Several issues come to the fore when considering how INFOSEC contributes to an organization's success. In a nutshell, a properly executed information security program will increase the likelihood that the organization will be able to achieve its objectives.

Consideration of Abraham Maslow's famous hierarchy of needs could be helpful here. As you'll likely recall, Maslow defined five levels of needs, physiological, safety, love, esteem, and self-actualization. The first of these needs, physiological, includes such things as air, water, and food. These must be satisfied to sustain life. Once these needs have been met, the next level of needs arises, safety. When addressing our need for safety, we establish a sense of stability and consistency in the world around us, and we have the ability to manage and to overcome adversity. Maslow's higher-level needs then move on to love and acceptance, a sense of belonging to something larger than ourselves. The fourth level of need is esteem, where we feel good about what we are doing, and are recognized for our efforts. Finally, the highest-level need is self-actualization, where we realize our potential, and become all that we possibly can be, the best that we have to offer.

While Maslow's hierarchy of needs was constructed to explain how people progress toward unselfishness, the hierarchy also makes sense when being applied to organizations. First, organizations are simply made up of groups of people, aligned toward a goal. Second, organizations do function largely the same way. Without the “physiological” needs--those necessary to sustain “life”--being satisfied, the organization cannot continue. Instead of food and water, organizations need such things as capital and people. Safety needs include the ability to establish an operating environment that will allow the organization to deal with adversity. INFOSEC fits into this second level--achieving information security will allow an organization to deal with the kinds of dangers that could kill an organization whose basic day-to-day work is the management of information.

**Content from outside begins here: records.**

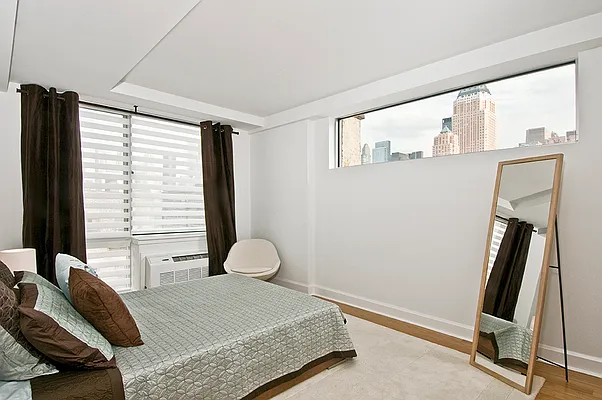 Sold by Halstead Real Estate | media 11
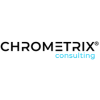 Logo Chrometrix Consulting GmbH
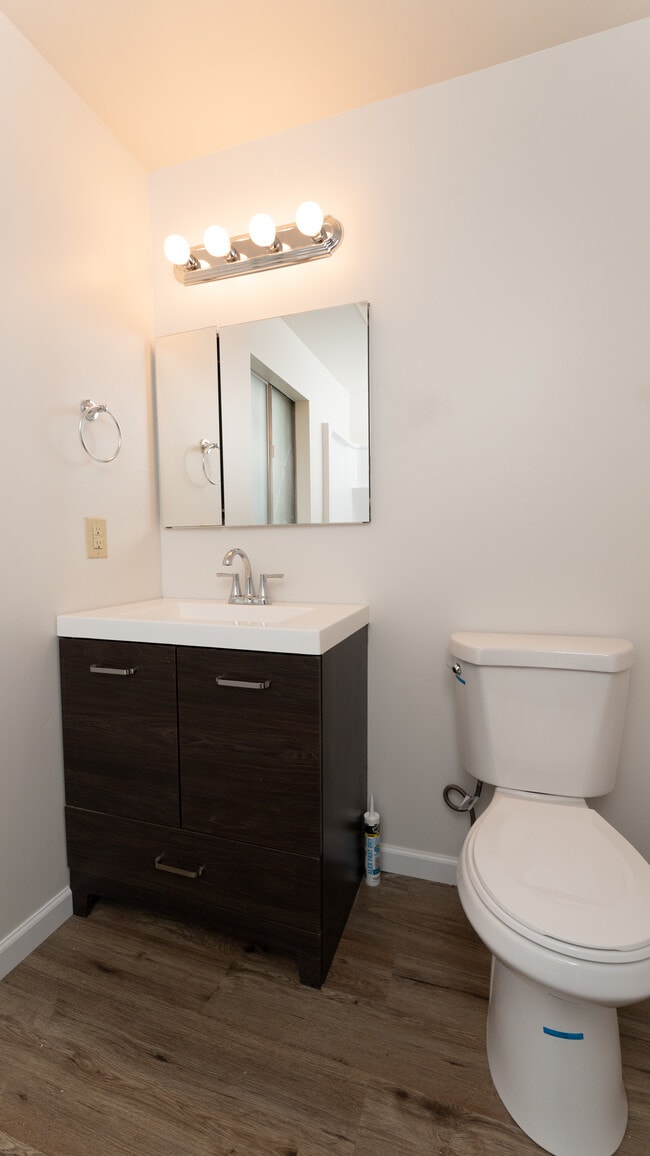 Building Photo - 16321 127th Pl SE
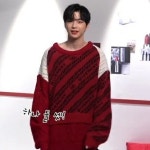 강다니엘 쟈가쟈가 - 케이돌토크 카테고리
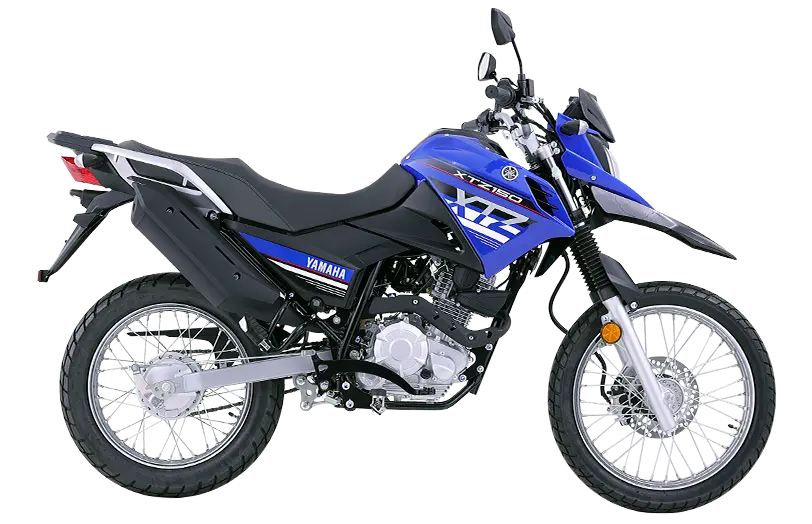 XTZ150-Azul.webp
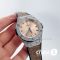 Часы HUBLOT Big Bang Ladies (20984)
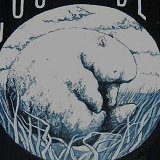 Cucumber Fauna {King Size Wooly Whump}  Picasa   http://www.lilybutterland.com/home/gallery/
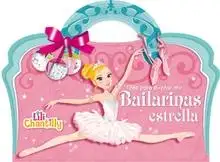 Bailarinas "Lili Chantilly"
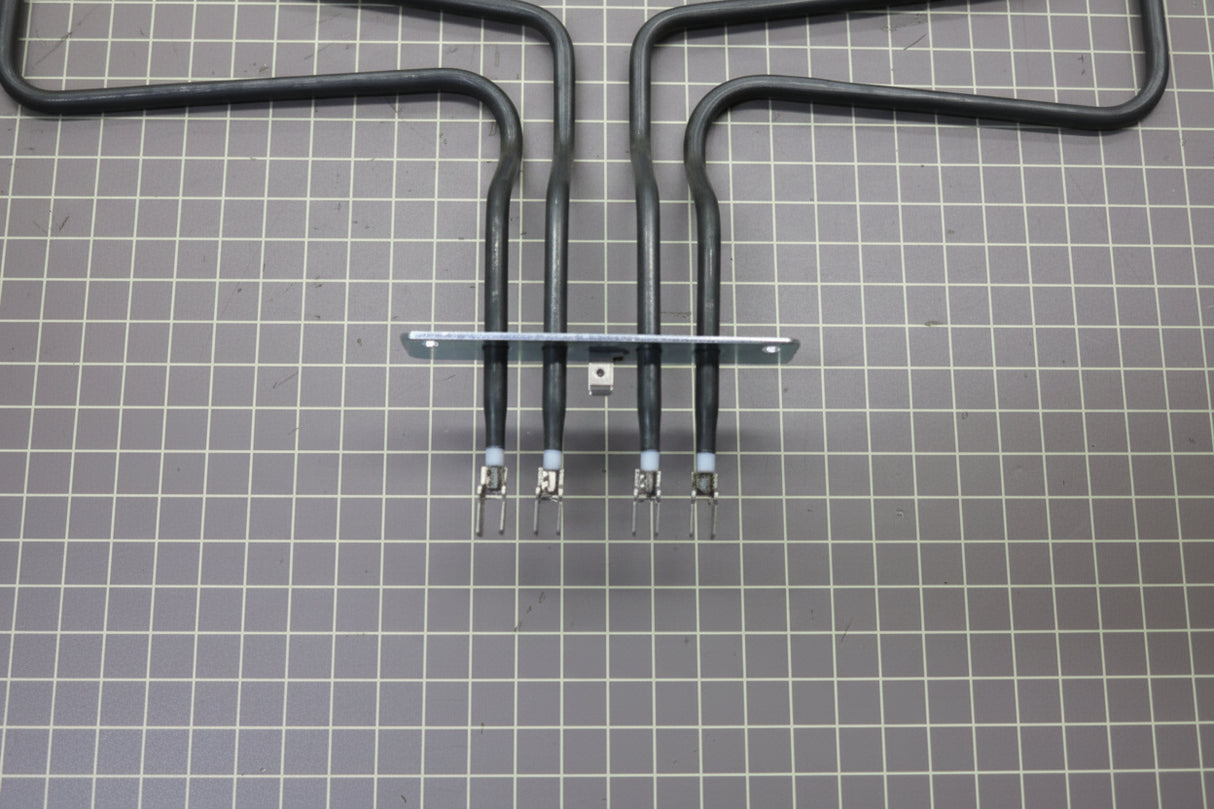 Upper Grill Resistance 606145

Moving then into acceptance, organizations have made a mark for themselves, where people understand what the organization is, and how it fits in with the landscape. Esteem of a company is really the esteem that the employees. Things like recognition for good work done fulfill this need. Finally, at the highest level, the organization becomes all that it can be, where its mission statement is achieved in some real sense, where it is offering all that it possibly can to the world around it.

To be able to achieve their missions--to reach self-actualization--organizations must satisfy the lower-level needs. Notice that issues such as safety and security fall into the second of Maslow's five levels. To an information-based organization, INFOSEC must be satisfied not after it has become all that it can be, not after it has been recognized for its work, and not even after establishing itself as a player in the marketplace. The need for information security must be satisfied at the second level, immediately after basic issues of survival.

INFOSEC thus provides the ability for the organization to establish a sense of order in the world around it. Only after this has been achieved will the organization be able to navigate successfully through the world toward some higher-level objective. This is, incidentally, the same level as an organization's physical security. You cannot stay in business if you do not take precautions to prevent thieves from breaking into your office and stealing your company's equipment.

Once INFOSEC has been achieved, the organization will be free to move on to establishing a place for itself in the marketplace, to be recognized for its good works, and to become all that it can.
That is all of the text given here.